Which brings me to my final stop at Oxford, one of the best universities in the world. Several things struck me as I wandered for the first time along the winding streets that reek of ancient learning and respect for wisdom.
The first was that an institution as powerful and full of smart people as this should lead the way to tear down test-driven admissions. The educators at both QAS and Eton pointed to the axis between government, from which funding derives, and colleges, in continuing to support the test-driven gateway to college admissions. I “get” that we must have some measures of equity to ensure students have equal access to college. Yet every study I have ever seen, and those that have driven so many US colleges to sign on to Turning the Tide, prove that there is nothing equitable at all about test-driven admissions.
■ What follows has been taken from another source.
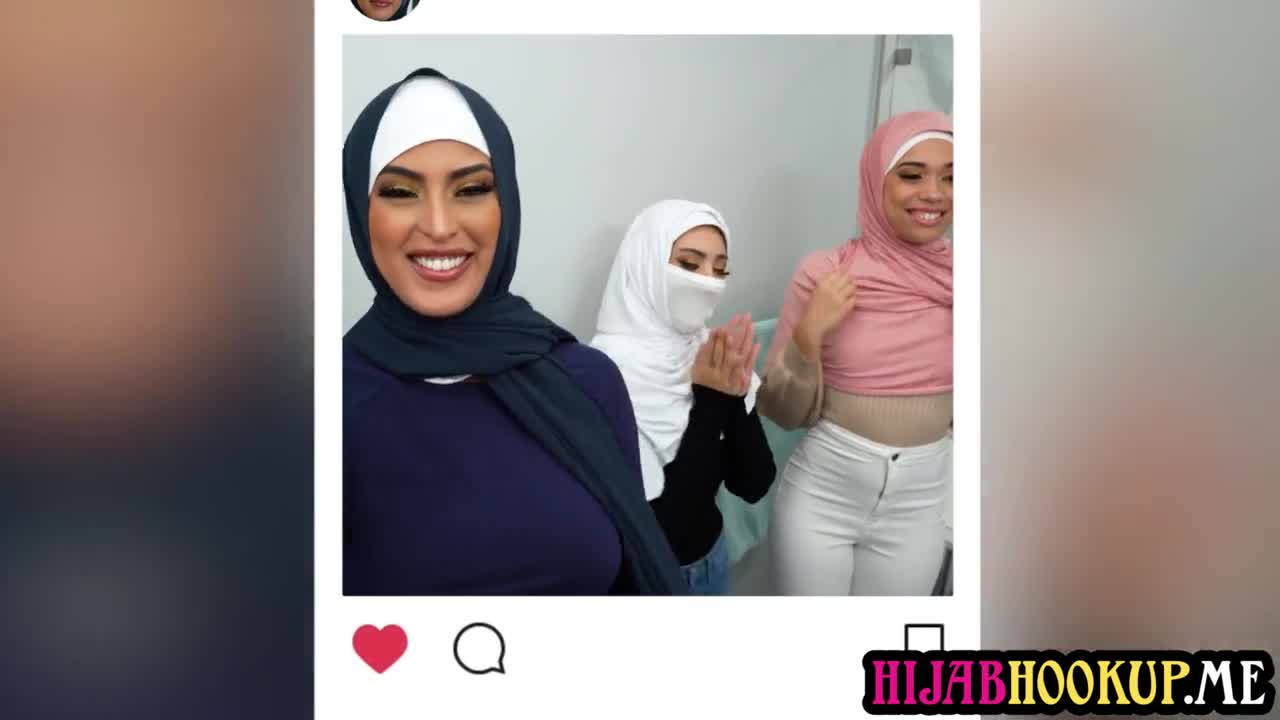 Watch Arab teen virgin coming to America and taught American ways by her friends Short Sex Videos - Duration: 07:55 | ePornNEW.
The second was that Oxford is a remarkably closed place. There are pathways and streets where visitors are welcome, and there are a few hours a day when some of the expansive, green quadrangles are open for outsiders to stroll. But while the streets and paths are open, much of the campus itself is off limits. They value quiet and peace, as we all do. But I could not help contrast their cloisters with visits to wide-open places like Stanford and Berkeley, equally powerful centers of learning, where visitors are invited to poke around campus, where the noise of the world is allowed to intrude, where the students are not protected from, but interact with, the world. Is this a real difference, or just the first impression of a day-tripper?
And finally, I pondered on history during my walk around Oxford on the eve of the 99th anniversary of the end of the First World War, celebrated with a respect and solemnity in the UK that we rarely see for major historical events in the USA. In this country so close to, and impacted by, the major conflicts of the 20th century, why is Oxford still standing? Why didn’t the Luftwaffe bomb it flat during the Blitz? The answer from a pub-owner as I was eating a chicken and mushroom pie for lunch: Hitler, of course, thought he would invade and conquer England, and he wanted to preserve Oxford for his own. Humanity has a lot to thank the English for (at least since the middle of the last century when they realized that owning other people and other countries is not a good idea). And the Great Hall of Christchurch DOES look like it should be at Hogwarts.
My sense is that some pockets of American education are a few years ahead of our cousins in England. I firmly believe that the forces and steep trajectories in which our schools now operate are global, universal, and irreversible. I can’t wait to do my small bit to help connect the outstanding educational leaders at QAS and Eton to their like-minded colleagues in the US, Canada, New Zealand, and elsewhere. The sharing will continue to accelerate all of our efforts to move the highly inertial rock of our current system of education, perhaps even in spite of the curse of A level exams.